Las ideas sin género: el acercamiento de Kafka al judaísmo.

 

          Ahora que han pasado los exiguos «fastos» del centenario de la muerte de Franz Kafka y evitamos las cifras redondas que tanto ofenden a Enrique Vila-Matas, estoy en condiciones de acercarme a una obra que puede tener la apariencia de «menor» en el total de las obras del autor, pero que, bien leída, nos ofrece claves para entender buena parte de su obra, marcada por la fiera determinación de ser construida como absoluta prioridad vital: Dos tareas del comienzo de la vida: limitar cada vez más tu círculo y verificar una y otra vez si tú no estás escondido en algún lugar fuera de tu círculo. Los magníficos comentarios de Stach a los aforismos nos permiten adentrarnos en los vínculos que estos tienen con otros textos de diferente época del autor, como esta anotación de 1912 en su diario: Puede reconocerse muy bien en mí una concentración orientada a la escritura. Cuando se hizo claro a mi organismo que escribir era la dirección más productiva de mi naturaleza, todo tendió con apremio hacia allá y dejó vacías todas aquellas capacidades que se dirigían preferentemente hacia los gozos del sexo, la comida, la bebida, la reflexión filosófica, la música. Adelgacé en todas esas direcciones.

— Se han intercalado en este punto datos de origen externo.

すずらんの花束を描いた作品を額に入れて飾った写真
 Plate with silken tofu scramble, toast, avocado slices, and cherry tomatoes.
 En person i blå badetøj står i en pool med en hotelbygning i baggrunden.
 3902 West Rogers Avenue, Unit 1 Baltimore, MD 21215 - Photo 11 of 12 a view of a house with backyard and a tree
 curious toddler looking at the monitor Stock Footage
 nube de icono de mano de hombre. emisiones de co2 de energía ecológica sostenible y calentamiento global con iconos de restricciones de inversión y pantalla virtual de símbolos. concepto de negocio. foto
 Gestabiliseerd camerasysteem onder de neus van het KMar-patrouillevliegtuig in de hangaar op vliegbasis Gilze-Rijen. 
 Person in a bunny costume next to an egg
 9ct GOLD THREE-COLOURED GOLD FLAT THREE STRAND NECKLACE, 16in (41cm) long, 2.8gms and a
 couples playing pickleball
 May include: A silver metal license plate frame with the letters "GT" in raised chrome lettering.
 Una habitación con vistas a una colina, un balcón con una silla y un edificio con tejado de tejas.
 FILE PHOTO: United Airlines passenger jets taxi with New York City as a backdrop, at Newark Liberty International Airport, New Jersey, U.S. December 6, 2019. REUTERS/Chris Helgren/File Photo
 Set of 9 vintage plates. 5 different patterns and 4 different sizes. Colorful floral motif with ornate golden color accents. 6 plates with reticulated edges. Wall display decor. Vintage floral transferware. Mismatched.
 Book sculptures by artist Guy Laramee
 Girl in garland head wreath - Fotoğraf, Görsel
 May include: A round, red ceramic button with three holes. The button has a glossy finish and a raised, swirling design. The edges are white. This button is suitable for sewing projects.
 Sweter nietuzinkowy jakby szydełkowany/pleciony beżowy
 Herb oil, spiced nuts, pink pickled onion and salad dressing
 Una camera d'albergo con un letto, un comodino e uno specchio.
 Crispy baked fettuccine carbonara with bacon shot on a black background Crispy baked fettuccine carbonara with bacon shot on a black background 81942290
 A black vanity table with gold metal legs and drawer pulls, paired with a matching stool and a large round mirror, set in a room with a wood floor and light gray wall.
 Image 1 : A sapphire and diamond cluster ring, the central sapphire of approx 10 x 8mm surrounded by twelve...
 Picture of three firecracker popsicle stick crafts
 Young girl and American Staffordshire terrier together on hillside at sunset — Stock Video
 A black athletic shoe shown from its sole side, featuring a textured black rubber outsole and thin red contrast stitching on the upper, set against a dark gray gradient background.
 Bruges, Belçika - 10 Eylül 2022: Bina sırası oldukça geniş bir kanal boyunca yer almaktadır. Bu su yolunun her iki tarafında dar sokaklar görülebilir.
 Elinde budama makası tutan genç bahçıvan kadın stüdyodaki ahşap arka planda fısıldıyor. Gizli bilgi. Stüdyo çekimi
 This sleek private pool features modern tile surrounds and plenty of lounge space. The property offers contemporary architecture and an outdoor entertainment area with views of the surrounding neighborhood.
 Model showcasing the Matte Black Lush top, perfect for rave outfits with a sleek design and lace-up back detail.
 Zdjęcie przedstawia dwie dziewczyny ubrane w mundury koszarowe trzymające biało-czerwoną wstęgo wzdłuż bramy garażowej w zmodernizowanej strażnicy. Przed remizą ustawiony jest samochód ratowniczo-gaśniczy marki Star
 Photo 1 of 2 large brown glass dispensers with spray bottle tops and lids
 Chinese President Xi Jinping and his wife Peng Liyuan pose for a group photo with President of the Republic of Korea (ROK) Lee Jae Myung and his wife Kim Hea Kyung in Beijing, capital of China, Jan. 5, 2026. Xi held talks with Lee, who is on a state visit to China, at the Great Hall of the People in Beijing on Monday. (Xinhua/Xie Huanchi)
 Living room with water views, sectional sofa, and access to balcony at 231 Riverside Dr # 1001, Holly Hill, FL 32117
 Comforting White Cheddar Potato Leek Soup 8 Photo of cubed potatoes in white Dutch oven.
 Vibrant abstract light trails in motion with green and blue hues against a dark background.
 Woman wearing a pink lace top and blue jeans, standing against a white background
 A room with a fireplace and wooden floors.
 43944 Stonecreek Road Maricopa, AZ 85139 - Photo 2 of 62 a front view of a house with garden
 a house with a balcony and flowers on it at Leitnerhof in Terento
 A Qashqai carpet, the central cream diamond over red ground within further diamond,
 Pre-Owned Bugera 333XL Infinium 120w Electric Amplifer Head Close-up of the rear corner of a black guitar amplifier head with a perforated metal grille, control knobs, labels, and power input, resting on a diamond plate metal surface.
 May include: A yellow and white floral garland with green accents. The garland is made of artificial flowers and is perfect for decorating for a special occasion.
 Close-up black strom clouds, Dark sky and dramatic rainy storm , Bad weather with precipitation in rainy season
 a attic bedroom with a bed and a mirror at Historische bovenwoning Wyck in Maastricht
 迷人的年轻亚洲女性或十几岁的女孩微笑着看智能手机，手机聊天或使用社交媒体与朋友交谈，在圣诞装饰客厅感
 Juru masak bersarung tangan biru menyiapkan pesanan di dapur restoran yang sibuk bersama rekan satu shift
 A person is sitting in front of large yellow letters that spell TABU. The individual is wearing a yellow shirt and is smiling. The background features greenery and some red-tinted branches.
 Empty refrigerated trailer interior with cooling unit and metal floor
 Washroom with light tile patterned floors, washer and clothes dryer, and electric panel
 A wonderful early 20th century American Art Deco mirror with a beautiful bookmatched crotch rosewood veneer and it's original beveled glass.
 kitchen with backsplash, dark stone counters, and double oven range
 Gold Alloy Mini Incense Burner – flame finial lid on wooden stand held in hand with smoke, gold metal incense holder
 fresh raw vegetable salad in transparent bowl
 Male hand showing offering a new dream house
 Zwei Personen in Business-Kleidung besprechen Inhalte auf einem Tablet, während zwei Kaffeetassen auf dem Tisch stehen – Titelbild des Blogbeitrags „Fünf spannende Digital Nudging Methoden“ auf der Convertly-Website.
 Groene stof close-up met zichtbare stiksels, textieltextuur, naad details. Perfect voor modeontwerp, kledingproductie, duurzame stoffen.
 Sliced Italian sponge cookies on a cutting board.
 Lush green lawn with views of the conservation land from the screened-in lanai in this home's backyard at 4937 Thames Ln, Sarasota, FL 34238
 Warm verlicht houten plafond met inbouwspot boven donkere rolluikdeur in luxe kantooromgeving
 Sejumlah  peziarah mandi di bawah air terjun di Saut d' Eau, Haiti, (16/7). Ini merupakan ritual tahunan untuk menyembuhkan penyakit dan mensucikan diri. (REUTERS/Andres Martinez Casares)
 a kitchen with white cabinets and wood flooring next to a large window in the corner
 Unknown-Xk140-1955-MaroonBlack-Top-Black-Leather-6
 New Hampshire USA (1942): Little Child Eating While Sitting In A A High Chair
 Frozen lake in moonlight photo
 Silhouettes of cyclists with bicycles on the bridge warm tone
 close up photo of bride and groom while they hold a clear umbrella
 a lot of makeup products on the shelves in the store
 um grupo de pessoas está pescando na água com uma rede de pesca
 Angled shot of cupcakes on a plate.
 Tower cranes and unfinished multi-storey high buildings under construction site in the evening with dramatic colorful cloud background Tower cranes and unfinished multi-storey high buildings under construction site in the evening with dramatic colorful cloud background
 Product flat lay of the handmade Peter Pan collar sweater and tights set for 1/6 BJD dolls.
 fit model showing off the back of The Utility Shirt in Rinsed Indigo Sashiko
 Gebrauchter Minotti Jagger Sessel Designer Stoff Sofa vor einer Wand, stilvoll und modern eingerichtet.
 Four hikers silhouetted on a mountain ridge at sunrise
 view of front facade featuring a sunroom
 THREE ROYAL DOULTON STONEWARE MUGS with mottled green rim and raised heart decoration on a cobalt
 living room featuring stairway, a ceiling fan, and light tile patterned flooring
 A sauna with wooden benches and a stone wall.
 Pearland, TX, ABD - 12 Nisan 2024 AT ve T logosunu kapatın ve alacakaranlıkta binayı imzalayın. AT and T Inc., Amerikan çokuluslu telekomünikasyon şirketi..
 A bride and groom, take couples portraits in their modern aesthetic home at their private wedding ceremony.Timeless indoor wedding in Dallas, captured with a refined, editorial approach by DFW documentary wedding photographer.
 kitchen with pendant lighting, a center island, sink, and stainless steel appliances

El esmerado prólogo de Reiner Stach confiesa de buen comienzo lo obvio: Resulta problemático calificar de aforismos la colección de breves piezas de Kafka que normalmente se publica con el título de Aforismos o Aforismos de Zürau. Desde esa constatación, pues, nadie espere lo propio del género aforístico: el ingenio, la agudeza e incluso el humor; pero sí, por supuesto, la sinceridad extrema y un excelso surtido de pensamientos que inciden en las constantes propias del autor: su fe en la escritura y su temor a la realidad.

 Los supuestos aforismos de Kafka constituyen un nutrido conjunto de reflexiones que, partiendo de una idea fuerza: la existencia de dos mundos, el espiritual y el físico, se dedica a plasmar, acaso de forma reiterativa, la sombría concepción del mundo , ¡y de sí mismo!, que tenía el autor checo y que le han valido fama universal. Los textos escritos durante su estancia en casa de su hermana Ottilie, en el campo, en Zürau, una vez se le había declarado la tuberculosis que, pocos años después, le causaría la muerte. Su hermana, familiarmente Ottla, fue la responsable de acercarlo al judaísmo y suscitó el interés del autor por el mundo yiddish, su teatro, sus tradiciones y, claro está, por la lectura de la Biblia, muy presente en los pensamientos de este libro.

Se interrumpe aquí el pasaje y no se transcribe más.